Sharing the Wealth     

What communal nonprofits can learn from the corporate world

There’s been a lot of buzz about bringing corporate practices into our communal nonprofits. Large nonprofits like the UJA-Federation of New York, the Orthodox Union, and the ADL have pulled senior corporate executives or lawyers to serve in the number one slot. Both Eric Goldstein, CEO of the UJA, and Allen Fagin, retired executive vice president of the OU, were senior partners at world class law firms. Jonathan Greenblatt, CEO of ADL, was an entrepreneur and corporate executive at Starbucks who holds an MBA from the prestigious Kellogg School of Management in Illinois.

Kiruv organization Olami has given senior leadership roles to Charlie Harary, a lawyer, investor, and strategic advisor, and Benjy White, a former CapGemini consultant and corporate COO. Even nonprofits that have not entrusted the CEO position to business executives are being pushed by board members with business backgrounds to utilize corporate best practices in management, transparency, and efficiency.

 

Our panelists

 

Allen Fagin

is the executive vice president emeritus and former chief professional officer of the Orthodox Union. In 2013, Mr. Fagin retired from leading international law firm Proskauer Rose LLP, where he specialized in employment law. He served as Proskauer’s chairman from 2005 to 2011. In April 2014, he took the helm of the Orthodox Union as the executive vice president and chief professional officer and was responsible for the vision, design, and implementation of new departments and programming; the strategic growth and expansion of existing departments; and the leadership and mentorship of hundreds of employees.

 

Michael Bloch

has been a consultant with global management consulting company McKinsey for 23 years, 17 of them as a partner or senior partner. He advised the senior leadership of global enterprises on technology, innovation, business operation, and strategy. In early 2021, Michael left McKinsey to focus full-time on the social sector. He founded Israel Impact Partners to help philanthropic individuals and foundations accelerate the growth of the nonprofit organizations they support.

 

Aryeh Goldberg

is the executive vice president of commercial operations at Bruin Biometrics LLC. He serves on the board of several important institutions and is the chairman of the Dean’s Advisory Council for the Center for the Jewish Future at Yeshiva University. He is a co-chairman on the Anwar Sadat Congressional Gold Medal Commission in commemoration of the 40 years of peace between Israel and Egypt, and he and his wife have been active members of AIPAC’s New Leadership Network since 2013.

 

Let’s Break It Down — The Importance of Research

It seems that every online fundraising campaign, annual dinner, capital campaign, and social media post has an accompanying video that’s designed to speak straight to the heart. The video may feature a young bald child hugging his camp counselor, a tearful couple describing the turmoil of attending a sibling’s bris so many years into their own childless marriage, or a poverty-stricken Holocaust survivor hugging the delivery man schlepping in boxes of basic Pesach necessities. Clearly the organization is doing amazing work — just look at the evidence! And when the video tugs at your heartstrings, you’re convinced, and you loosen your purse strings.

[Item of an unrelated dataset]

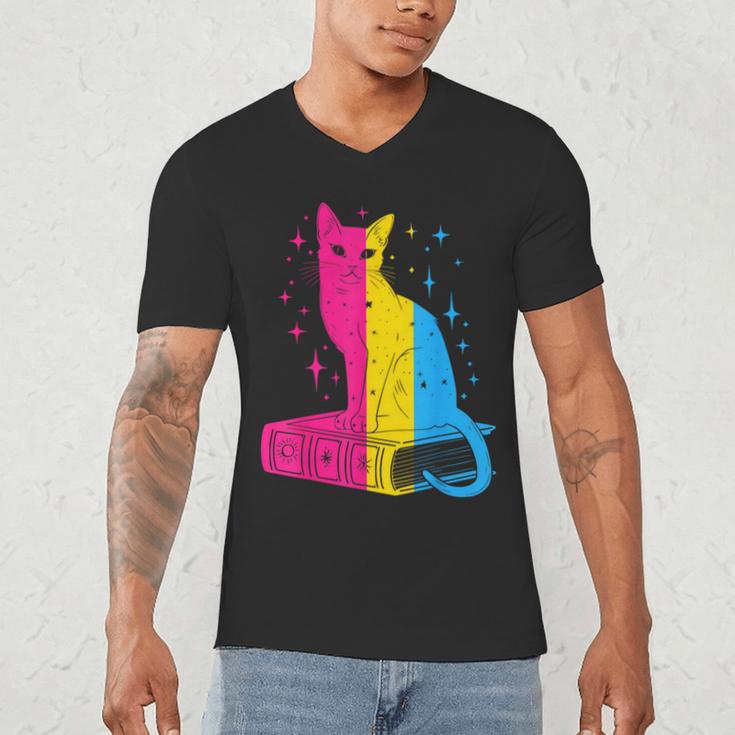 Pansexual Pride Celestial Cat Sitting Book LGBTQ Pan Colors Men Women Men's V-Neck T-Shirt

Good marketing is convincing (just look at how much the Super Bowl commercial slots cost), and well-produced videos have never been more compelling. But can we build communal agendas (and allocate our tzedakah dollars) based on hype and heart? The video may be an effective marketing and fundraising tool, but is the story it’s telling about the program justified or cost effective?

A good video just means the person who made it is good at what he does, and a sophisticated organization will take a step back and analyze the facts on the ground intellectually and not emotionally: How often does the scene in the video actually happen? How much does it cost us to provide these services we’re depicting in the video? What’s the return on investment (ROI) for all effort put in — can we use the same dollars for an even bigger impact?

And this doesn’t just apply to fundraising videos — it can apply to actual services and programs themselves. Data analysis allows nonprofits to use cold hard facts to decide to expand and streamline effective programs, while curtailing programs and angles that are ineffective.